For those of you who are familiar with Stephen’s work, you’ll know that he is a special kind of teacher. I know he prefers not to think of himself that way, but my interactions with him always stretch my brain in really productive but often challenging ways, and that to me is in essence what it means to be a teacher.
This conversation was no different.
We got together on the occasion of the release of a new book that he collaborated on with Kimberly Johnson, called Reckoning. We touch on what brought about that work, but the bulk of our conversation centers around Stephen’s journey to obtaining a Master’s in Theology from Harvard Divinity School and how that lead him to start working as a Social Worker and eventually to the work he’s best known for as a Palliative Care counsellor.

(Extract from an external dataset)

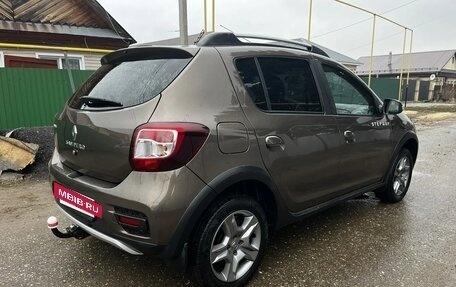 Renault Sandero II рестайлинг, 2019 год, 1 120 000 рублей, 4 фотография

Along the way we hear about his mysterious encounter with an angel at the Notre Dame Cathedral following a near death experience at sea, and wonder together about what it means to belong to a place, particularly for those of us who are relative newcomers to this land called Turtle Island.
As it often happens after speaking with Stephen, I’m left with some questions that continue to haunt me. In particular, what it means to belong, and the question that we end with, does Christianity belong in North America?
As usual, it’s better not to expect any clear cut answers from Stephen but be open to having some new questions to consider. Personally, I take the advice of the poet Rainer Maria Rilke, who suggested the following in his letters to the young poet Franz Kappus back in 1903:
Be patient toward all that is unsolved in your heart and to try to love the questions themselves like locked rooms and like books that are written in a very foreign tongue. Do not now seek the answers, which cannot be given you because you would not be able to live them. And the point is, to live everything. Live the questions now. Perhaps you will then gradually, without noticing it, live along some distant day into the answer.